Chemical research has traditionally been organized in either experiment-centric or molecule-centric models. This makes sense from the chemist's standpoint. When we think about doing chemistry, we conceptualize experiments as the fundamental unit of progress. This is reflected in the laboratory notebook, where each page is an experiment, with an objective, a procedure, the results, their analysis and a final conclusion optimally directly answering the stated objective. When we think about searching for chemistry, we generally imagine molecules and transformations. This is reflected in the search engines that are available to chemists, with most allowing at least the drawing or representation of a single molecule or class of molecules (via substructure searching). But these are not the only perspectives possible. What would chemistry look like from a results-centric view? Lets see with a specific example. Take EXP150, where we are trying to synthesize a Ugi product as a potential anti-malarial agent and identify Ugi products that crystallize from their reaction mixture. If we extract the information contained here based on individual results, something very interesting happens. By using some standard representation for actions we can come up with something that looks like it should be machine readable without much difficulty:
  • ADD container (type=one dram screwcap vial)
  • ADD methanol (InChIKey=OKKJLVBELUTLKV-UHFFFAOYAX, volume=1 ml)
  • WAIT (time=15 min)
  • ADD benzylamine (InChIKey=WGQKYBSKWIADBV-UHFFFAOYAL, volume=54.6 ul)
  • VORTEX (time=15 s)
  • WAIT (time=4 min)
  • ADD phenanthrene-9-carboxaldehyde (InChIKey=QECIGCMPORCORE-UHFFFAOYAE, mass=103.1 mg)
  • VORTEX (time=4 min)
  • WAIT (time=22 min)
  • ADD crotonic acid (InChIKey=LDHQCZJRKDOVOX-JSWHHWTPCJ, mass=43.0 mg)
  • VORTEX (time=30 s)
  • WAIT (time=14 min)
  • ADD tert-butyl isocyanide (InChIKey=FAGLEPBREOXSAC-UHFFFAOYAL, volume=56.5 ul)
  • VORTEX (time=5.5 min)
  • TAKE PICTURE
It turns out that for this CombiUgi project very few commands are required to describe all possible actions:
  • ADD
  • WAIT
  • VORTEX
  • CENTRIFUGE
  • DECANT
  • TAKE PICTURE
  • TAKE NMR
By focusing on each result independently, it no longer matters if the objective of the experiment was reached or if the experiment was aborted at a later point. Also, if we recorded chemistry this way we could do searches that are currently not possible:
  • What happens (pictures, NMRs) when an amine and an aromatic aldehyde are mixed in an alcoholic solvent for more than 3 hours with at least 15 s vortexing after the addition of both reagents?

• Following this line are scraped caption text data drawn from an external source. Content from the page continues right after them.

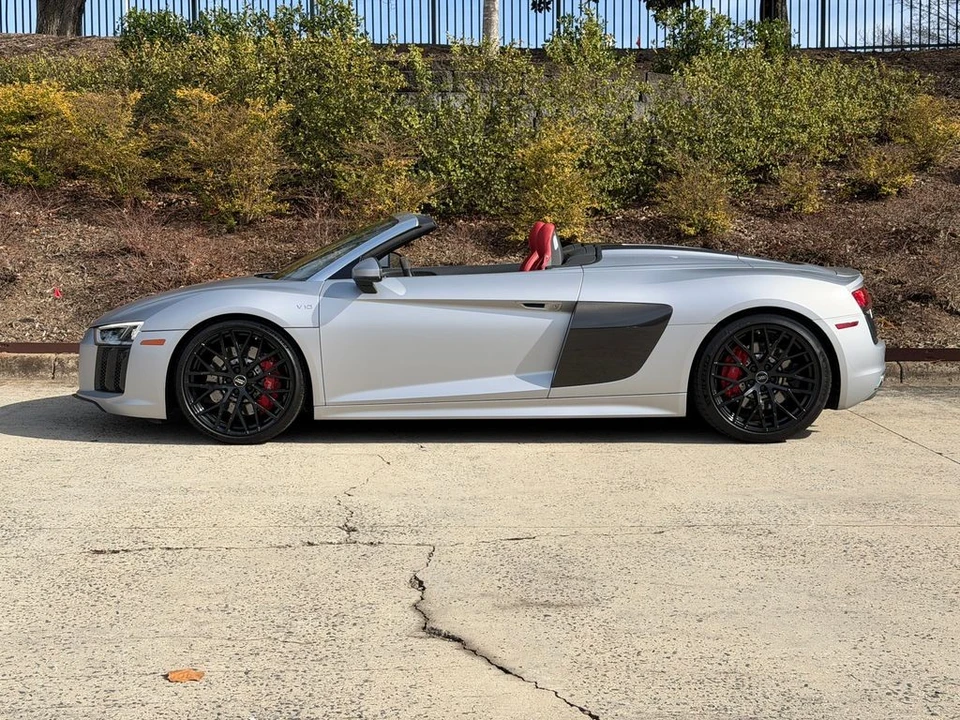 2018 Audi 4S R8 - Image 8 of 21
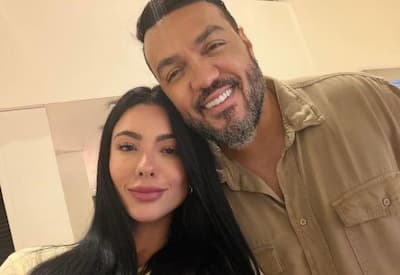 Rayane Figliuzzi se declara para Belo em aniversário de 52 anos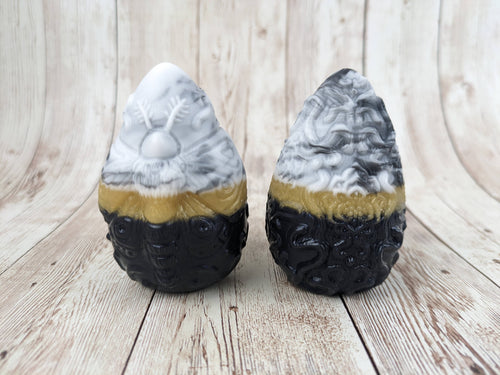 Mixed Clutch Size Medium (Moth/Soft, Vine/Soft) Marble Countertops Special Coloration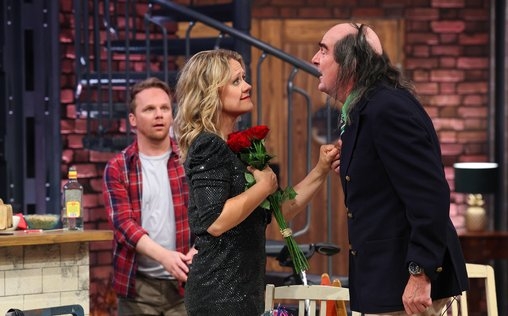 Halbpension mit Schmitz 
 Halbpension mit Schmitz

  • What happens (picture, NMRs) when an isonitrile, amine, aldehyde and carboxylic acid are mixed in that specific order, with at least 2 vortexing steps of any duration?
I am not sure if we can get to that level of query control, but ChemSpider will investigate representing our results in a database in this way to see how far we can get. Note that we can't represent everything using this approach. For example observations made in the experiment log don't show up here, as well as anything unexpected. Therefore, at least as long as we have human beings recording experiments, we're going to continue to use the wiki as the official lab notebook of my group. But hopefully I've shown how we can translate from freeform to structured format fairly easily. Now one reason I think that this is a good time to generate results-centric databases is the inevitable rise of automation. It turns out that it is difficult for humans to record an experiment log accurately. (Take a look at the lab notebooks in a typical organic chemistry lab - can you really reproduce all those experiments without talking to the researcher?) But machines are good at recording dates and times of actions and all the tedious details of executing a protocol. This is something that we would like to address in the automation component of our next proposal. Does that mean that machines will replace chemists in the near future? Not any more than calculators have replaced mathematicians. I think that automating result production will leave more time for analysis, which is really the test of a true chemist (as opposed to a technician). Here is an example of an analysis module making a simple point, useful to the chemistry community, and linking back to result modules that ultimately link back to the original experiment in the online laboratory notebook:
Context: obtaining precipitates in the CombiUgi project Ugi reactions in methanol where the solution is supersaturated with Ugi product may give false negatives for precipitation. For example, a Ugi product rapidly crystallized at the 17th hour (RESULT0003) after addition of all reagents, while appearing as a clear solution at the 15th hour (RESULT0002). It is therefore recommended that the vials be submitted to vortexing (15 s) prior to taking a picture.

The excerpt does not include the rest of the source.